Over two thirds (67%) of the retailers surveyed said that the generational tobacco ban would likely lead to an increase in illicit tobacco activity, with 66% also stating that they believe the Government does not have the required funding or resource to police a generational ban.  

The survey also found that 62% of retailers believe that the generational ban will be costly to their business in terms of implementation, with 55% saying it will make ID checks more complicated for their staff and 58% stating it will impact staff training specifically around underage sales.   

Tobacco remains an important category to 73% of convenience retailers when it comes to generating footfall in store. A quarter of stores said that 50% or more of their total revenue is from customers who purchase tobacco and other non-tobacco related items in the same basket.  

When asked about potential alternatives to the ban, many respondents said the tobacco age limit could be raised to 21, while others commented that consumers should be left to make their own choice when it comes to purchasing tobacco. Some retailers reiterated that tobacco laws should be left as they are, because of the negative impacts the ban would have on the convenience retail sector.  

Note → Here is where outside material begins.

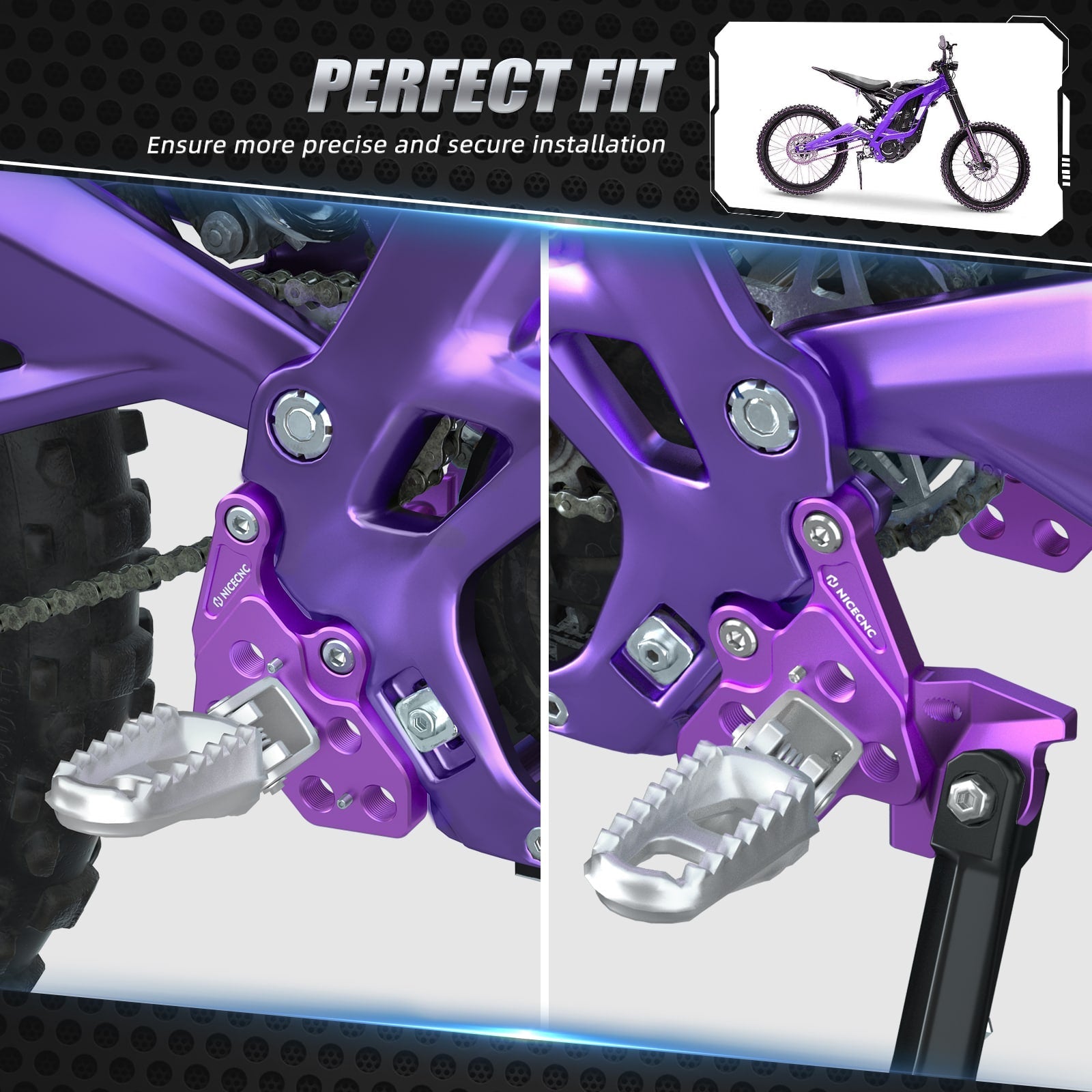Foot Pegs Bracket Package Footrest Support Brace Kickstand For Surron Light Bee X S Segway X160 X260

Paul Cheema, owner of Malcolm’s Convenience and Forecourt, Coventry, said:The proposed tobacco ban will hit convenience retailers the hardest. We know from recent reports, and our own experiences, that violence or abuse towards shopkeepers is on the rise, with ID checks or refusal of sale often a common cause of this. It’s fair to say that the proposed ban would highly likely exacerbate this issue and drive a further increase in threatening behaviour against retailers.”